In a distributed system, the same piece of data is usually replicated to multiple machines. When you update that piece of information on one of the machines, it may take some time (usually milliseconds) to reach every machine that holds the replicated data. This creates the possibility that you might get information that hasn't yet updated on the replica. In the old relational world, this conundrum comes very close to what we call a "dirty read."
This approach can present its own set of challenges at times, but the point is that eventual consistency is a different issue than the consistency definition you find in ACID. In order for developers to appropriately manage this new dynamic, it's important that they not confuse the two definitions.
Misconception No. 4: Databases and applications have a 1:1 relationship, so it's either/or between relational and NoSQL technologies
Years ago when we wrote applications at much smaller scale, life was easy: We picked a database, wrote our application, and were done. In fact, a single database system such as an Oracle instance would often house multiple schemas that represented different applications.
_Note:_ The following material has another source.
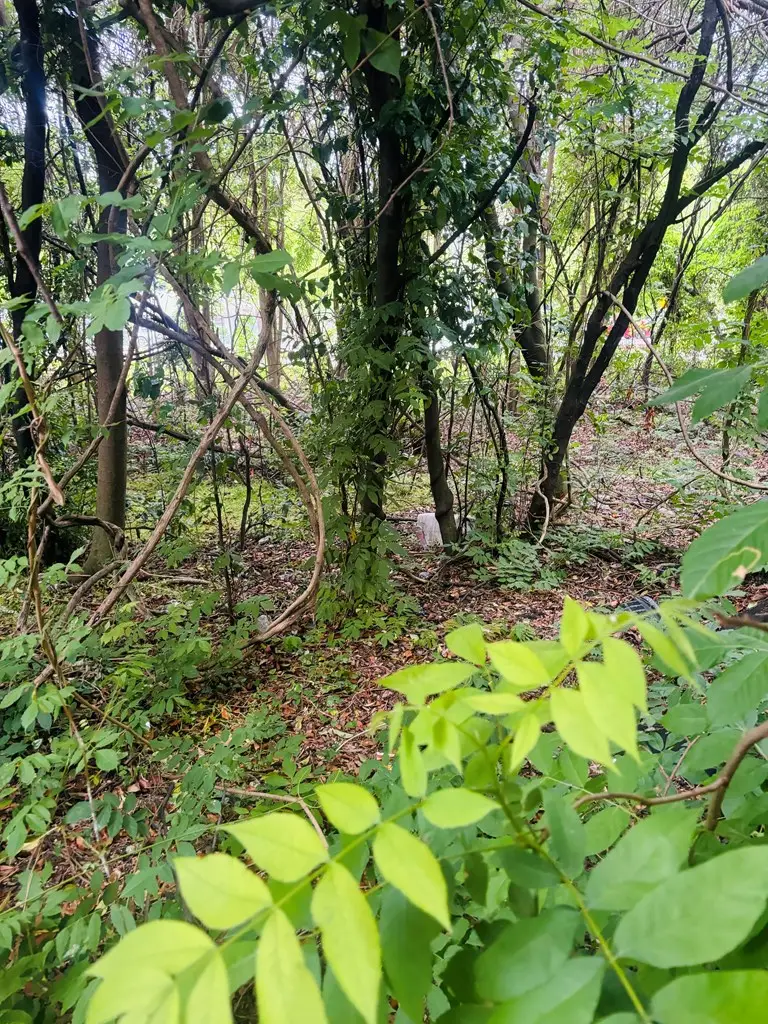 0 Hills Ally, Rochelle, GA 31079 - #3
Today's applications are much more sophisticated. The idea of running a single database technology for a datastore is passé. A few years ago, Martin Fowler highlighted a trend called "polyglot persistence" that is now the normative architecture for modern applications. Virtually every customer I talk to houses a services layer between multiple database technologies and the app they power. This trend has established itself firmly in the real world. Polyglot persistence allows us to use the right technology for the right workload inside an application, which can pay huge dividends and enable functionalities not possible in a 1:1 schema.
Misconception No. 5: NoSQL databases are for "Web scale" applications only; everything else uses ACID-compliant technology
Some people believe that only a niche subset of applications require scalable, distributed databases. If you stop and think about it, how many developers today build online applications that don't keep "Web scale" in mind? It's like saying, "Only a small number of cars require the speeds necessary for highway travel."
That may have been true when only a few highways existed, but now they are part of everyday travel. The same is true for Web-scale applications. Given the always-connected nature of endpoints -- whether they are users, devices, or sensors -- what other kind of online application would you write? When are performance and availability not a high priority?